Likewise telling a new mother about the importance of routine and “understanding your baby’s signals.”  That new mother is trying her best and you’re making them feel like shit.

Want to be really nice?  Tell her she’s doing a fantastic job.  They’ll never forget you saying so.

8. This house has never been an organised, tidy haven of calm.  I have friends with kids who have freakishly tidy homes, I have no idea how, and it must lovely – even for a couple of days.  Now that we’re starting again, though, I just don’t see it happening and I have to get over it.

For every Pinterest photo of an immaculate, styled room there is a disproportionate number of real rooms that are not immaculate, styled, clean, tidy, tasteful or pretty. These are rooms where life is lived and we should all (I’m including myself here) stop stressing about them.

9. We all love our children, and it’s great to have other stuff going on too.  Don’t tell everyone you know every single little tiny thing your kid does.  I know I sound mean but I’m doing you a favour and telling you it’s boring.

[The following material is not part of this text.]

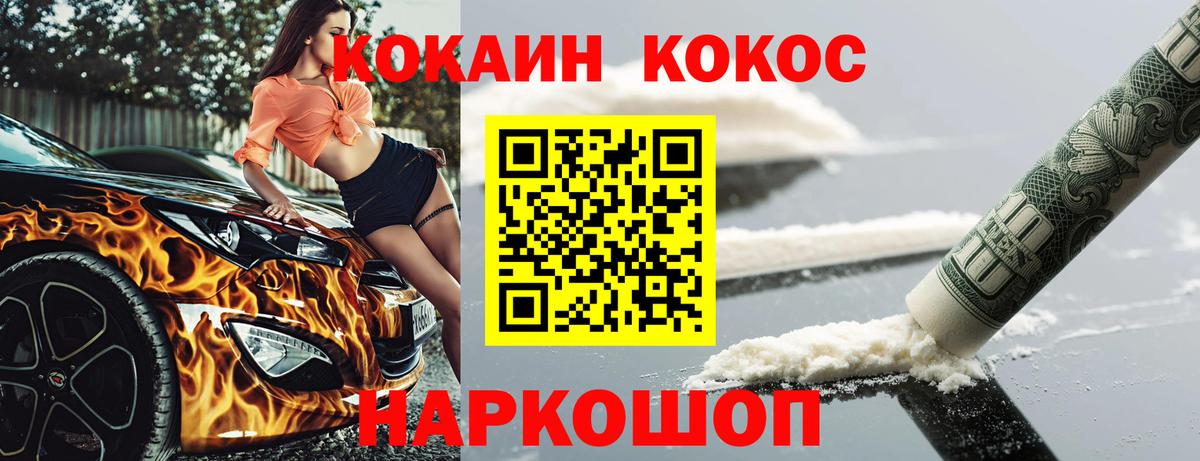 Кокаин 98%  Кокаин VHQ  КОКАИН  Кизляр  Вход с VPN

You’re a mother and that’s wonderful. You’re also still you.  You’ve changed, absolutely, but your friends (I’m mostly talking Facebook here) don’t need a daily run-down of your baby’s poo.  They just don’t.  No-one does.

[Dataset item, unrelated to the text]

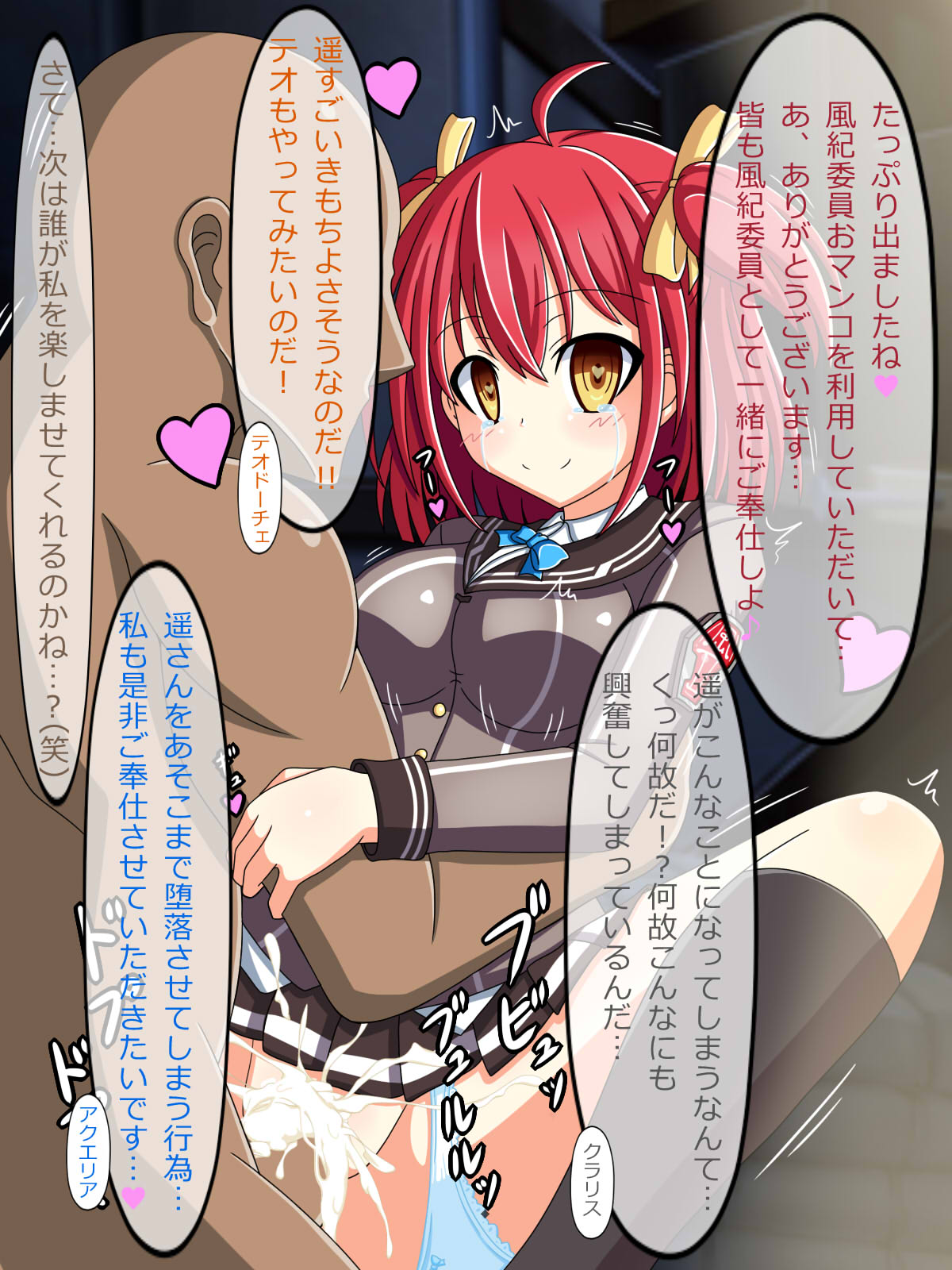『二人だけの時間』東条遥 page 8 full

Unless one turns out to have a two carat diamond within its contents, or an ancient scroll missing from the Dead Sea.  We’d all want to hear about that.

10. The time will fly and before you know it, they’ll be at school.

OK so it might not be the most profound, complete list, but it’s what I’ve come up with while having a tea and several Tim Tams.   I don’t even like Tim Tams, they were for the baby, so it’s a really selfless act on my part.

What would you add?

One thought on “10 Things I Know About Having Babies

  1. iotamanhattan says:

    Oooh, excited for you. You have great words of wisdom, and I agree with the lot of them. Speaking as someone who doesn’t even know what Tim Tams are.

    The tidy house thing… Look on your baby/toddler/primary school child years as training for the teenage years. If you learn to relax because there’s a little mess, you will find it easier to turn a blind eye to the bombsite health hazard that has taken the place of your teenager’s bedroom. If you don’t get into training 13 years in advance, you will never cope with the shock. Then you will be estranged from your off-spring for 7 years, because they do not, will not, cannot, would rather die than, share your tidy house values. Practise dropping those values now, and ta-da, all will be sweetness and light!